En cierto modo, es una decisión elegante: la isla de Próspero es cárcel y teatro al mismo tiempo; la obra dentro de la obra era uno de los recursos favoritos de Shakespeare, y Atwood ha utilizado antes la novela dentro de la novela con efectos espectaculares. Pero, por eso mismo, la decisión de representar La tempestad dentro de La semilla de la bruja se puede entender en cierta medida como falta de imaginación.
Hasta aquí, la novela es una maravilla de estilo delicioso al tiempo que conciso, al servicio de un relato profundamente conmovedor y, sin embargo, atravesado de humor, con un argumento que conserva una considerable sutileza aun cuando la historia original encaje a la perfección. Sin embargo, el montaje de La tempestad en la cárcel da lugar a algunos de los elementos más torpes de la novela. A veces se tiene la extraña sensación de que, excepto el lector, todo el mundo está bajo el hechizo del mago. Puede que esto sea lo que se busca -al fin y al cabo, los personajes de La tempestad están bajo el hechizo de Próspero, pero no el público-, aunque parece una oportunidad perdida.
De hecho, el único personaje verdaderamente desarrollado de la novela es Félix. ¿Cómo, se pregunta éste en determinado momento, pensó que iba a ser capaz de interpretar a Próspero? “¡Hay tantas contradicciones en Próspero! ¿Un noble por derecho y un ermitaño? ¿Un anciano mago cargado de sabiduría y un viejo vengativo?”
Félix también es todo eso, y en la inestabilidad y la complejidad de su carácter es donde la novela da sus giros más oscuros e interesantes. Félix cree y no cree que vive con el fantasma de su hija. A veces es sincero; otras, está interpretando un papel, sobre todo cuando está con Estelle. Cuando atrapa a sus enemigos en el psicodélico infierno de una experiencia teatral interactiva piensa que su venganza está justificada.

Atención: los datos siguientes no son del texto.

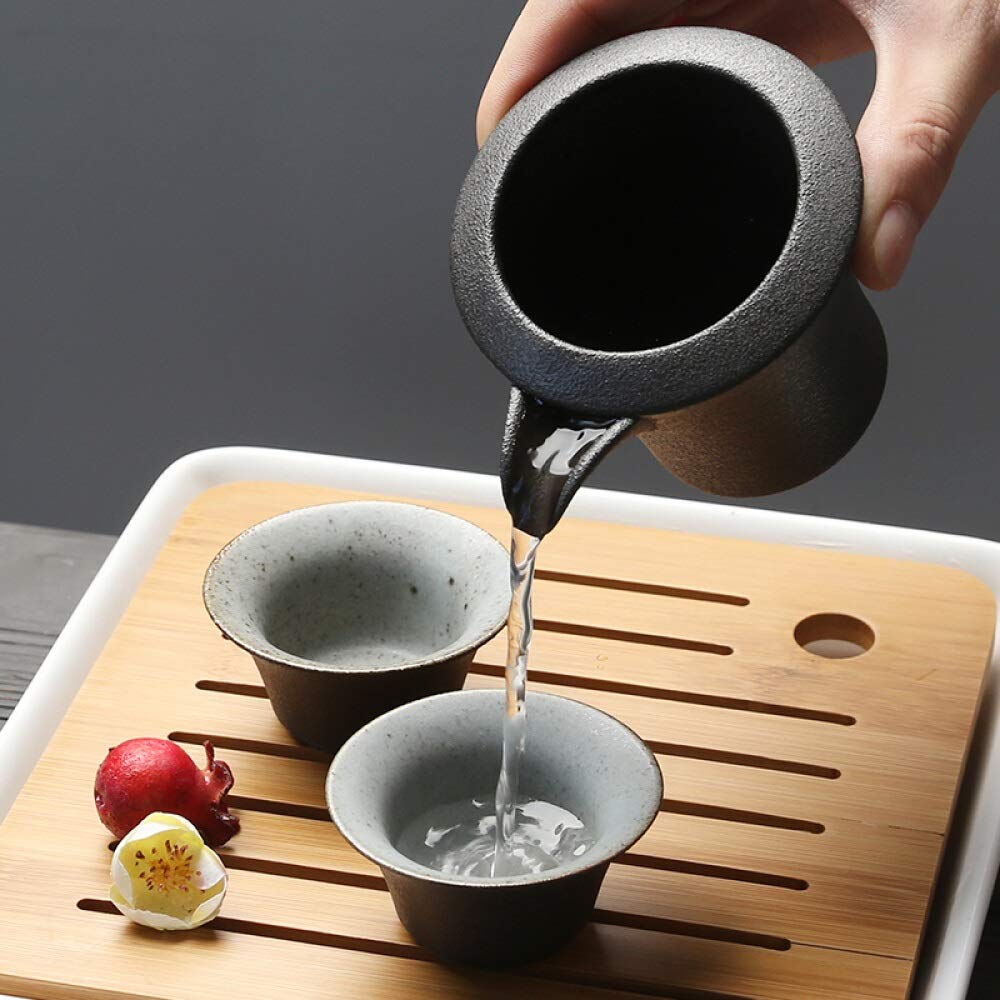 Ensemble complet de service à thé Grès noir carbone Kung Fu tasse à thé avec coffret cadeau (bol à trois pièces), service à thé rétro décoration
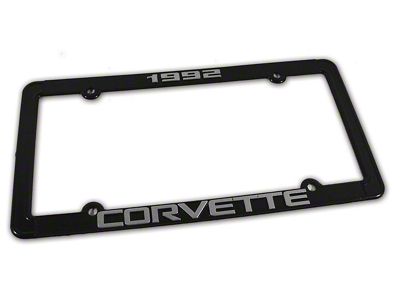 1992 Corvette License Plate Frame; Black (Universal; Some Adaptation May Be Required)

Pero cuando convence a uno de sus adversarios de que su hijo ha muerto, su crueldad se magnifica exponencialmente porque sabe lo que es perder un hijo.
La semilla de la bruja cautiva y estremece sobre todo cuando Atwood se explaya sobre la relación de Félix con su hija. ¿Miranda está realmente en la casita de campo? ¿Qué significa ser real, estar presente, en el contexto de una obra poblada de espíritus? Félix está deseoso de verla por la noche, cuando vuelve a casa tras el ensayo. “Al principio cree que no está, y su corazón se derrumba. Entonces la detecta. Allí está, al lado de la mesa”. En La tempestad es tan cierto que Miranda está atrapada como que lo están Ariel y Calibán. Hacia el final de La semilla de la bruja, Félix empieza a darse cuenta de que si Ariel anhela que lo liberen en la naturaleza, quizá la niña perdida de su casa de campo anhele lo mismo.